Justin Bieber: Clearly, Charlamagne wasn’t worrying about the fallout when he told Justin Bieber “Don’t be a waste of good white skin”. Lil’ Mama: In his early days on The Breakfast Show, Charlamagne inspired the wrath of Lil’ Mama when he told her she hadn’t accomplished enough to pull off her ‘cocky” attitude. As a further slight, he added “you’re young and you have an old face; like Drake says, ‘I’m really too young to be looking this old.’
Birdman: On April 22, 2016, Birdman lasted just 2 minutes on The Breakfast Club before walking out. After accusing the show’s hosts of not “putting respect on his name” by allowing other guests to disparage him, Birdman shut the interview down after Charlamagne asked why he was taking his anger out on the hosts rather than the other guests. The interview went down in history as the shortest on the show’s history.
The Move to TV
After establishing his credentials on radio, Charlamagne made the move to TV in 2011 as a cast member on MTV2’s Guy Code. The show ran for three successful years, eventually winding down in 2015. Both in between and after, Charlamagne’s built up an extensive list of TV credits, including Hip-Hop POV (2012), Hood State of Union (2012), The Week in Jams (2013), Girl Code (2013), Charlamagne & Friends (2013), Wild ‘N Out (2013, 2015), Catfish: The TV Show (2015), and Uncommon Sense with Charlamagne (2015-present). In 2017, meanwhile, he made his acting debut as Black Jesus in the stoner comedy Grow House.

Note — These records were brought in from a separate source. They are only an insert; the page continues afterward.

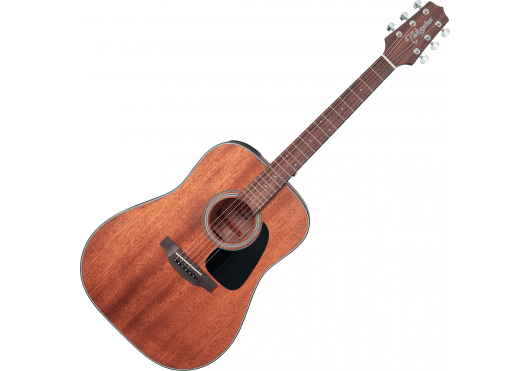 TAKAMINE GUITARES ACOUSTIQUES GLD11ENS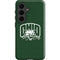 Ohio University Ohio University Outline Galaxy S26 Plus Impact Case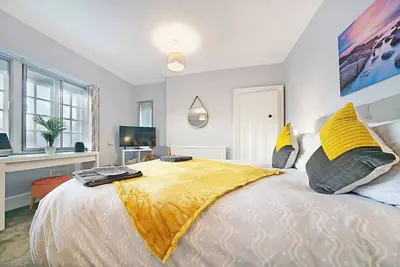 Image de Constancevilla B8 | Grampian Lettings Ltd
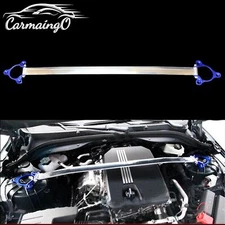 Front Strut Bar Engine Upper Shock Tower Brace Suspension for Cadillac CT5 2020+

TV and radio are one thing, but if you want to reach as big and international audience as possible, you’re going to need to take it online. Charlamagne is currently doing exactly that on the YouTube series Emerging Hollywood on The Hollywood Reporter’s YouTube channel. He also hosts the podcast The Brilliant Idiots on Combat Jack’s Loud Speakers Network alongside fellow MTV2 personality Andrew Schulz.
Taking Up the Pen
In 2017, Charlamagne decided to give his mouth a rest for a while and express his words on paper instead. The result was Black Privilege: Opportunity Comes to Those Who Create It, a book Charlamagne described as “a self-help guide for the hood.” The book was positively reviewed, rising to number 6 in the New York Times’ list of best-selling hardback non-fiction. The following year, he achieved similar success with his second book, Shook Ones: Anxiety Playing Tricks On Me.
So, how exactly did Charlamagne manage to get that $10 million fortune? Other than wangling a $3 million annual contract with WWPR-FM, much of his success can be credited to him never failing to be anything but wholly and unapologetically himself. Discussing his philosophy with People, Charlamagne summed it up with, “It’s not saying success comes to those who create. It’s just that all anybody wants is an opportunity at the end of the day. So, I feel like if you live a true, authentic life — if you’re your true authentic self at all times — you can create opportunities for yourself.”